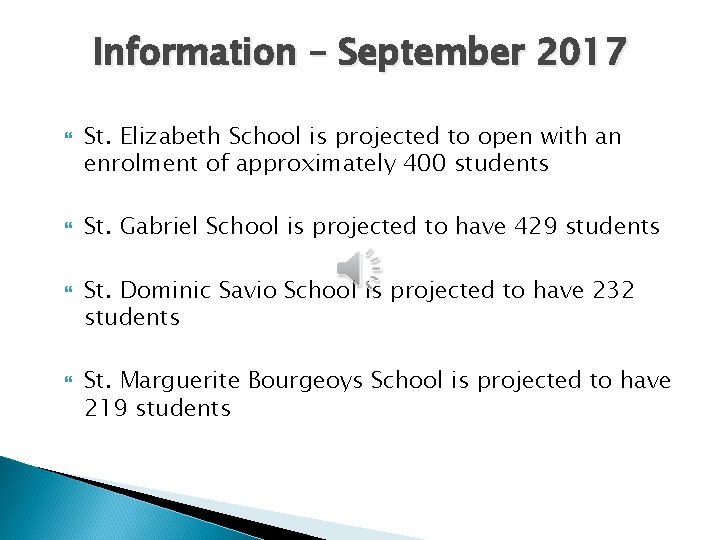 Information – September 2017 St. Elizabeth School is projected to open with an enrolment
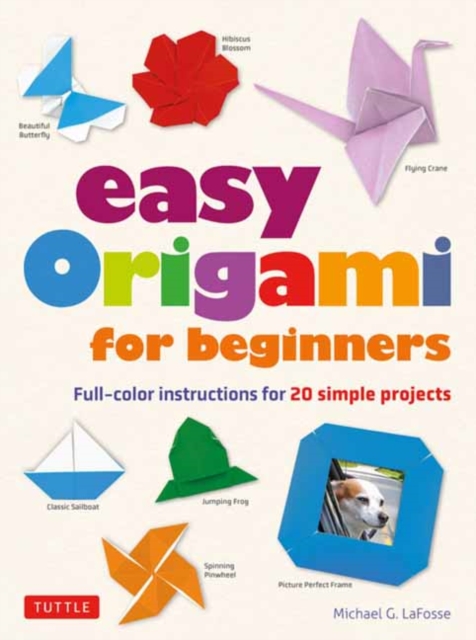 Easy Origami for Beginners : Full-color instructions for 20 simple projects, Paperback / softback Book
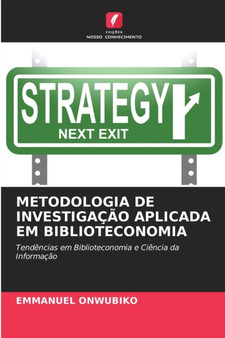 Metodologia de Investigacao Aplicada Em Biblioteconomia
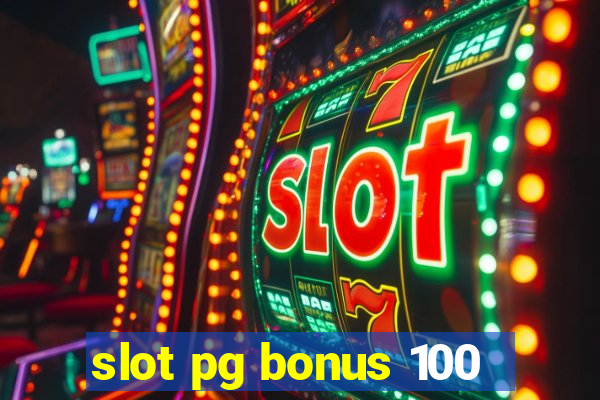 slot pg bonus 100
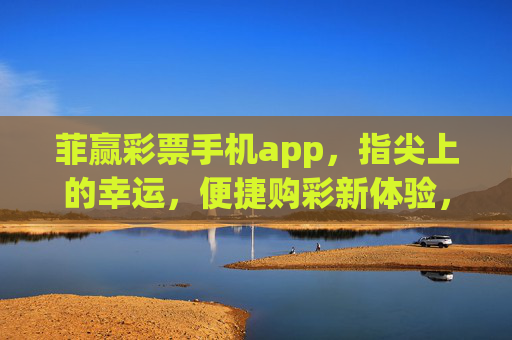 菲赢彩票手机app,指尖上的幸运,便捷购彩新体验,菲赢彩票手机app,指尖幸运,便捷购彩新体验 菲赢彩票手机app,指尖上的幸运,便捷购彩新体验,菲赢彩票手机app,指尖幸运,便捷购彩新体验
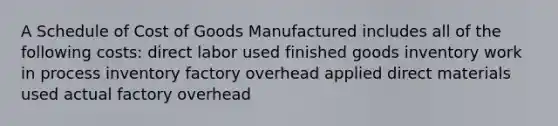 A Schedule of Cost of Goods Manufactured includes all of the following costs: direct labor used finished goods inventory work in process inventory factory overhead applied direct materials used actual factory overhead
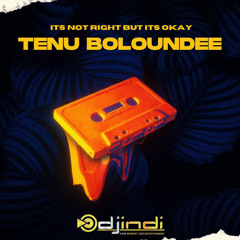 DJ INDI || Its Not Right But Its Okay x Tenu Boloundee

++++++++++

Exercise brief: Only exact repeats of the lines from the one containing "Metodologia de Investigacao" through the end of the listing above are wanted here; pictures are not.

Result:
 Metodologia de Investigacao Aplicada Em Biblioteconomia
 slot pg bonus 100
 菲赢彩票手机app,指尖上的幸运,便捷购彩新体验,菲赢彩票手机app,指尖幸运,便捷购彩新体验 菲赢彩票手机app,指尖上的幸运,便捷购彩新体验,菲赢彩票手机app,指尖幸运,便捷购彩新体验
 A Schedule of Cost of Goods Manufactured includes all of the following costs: direct labor used finished goods inventory work in process inventory factory overhead applied direct materials used actual factory overhead
 DJ INDI || Its Not Right But Its Okay x Tenu Boloundee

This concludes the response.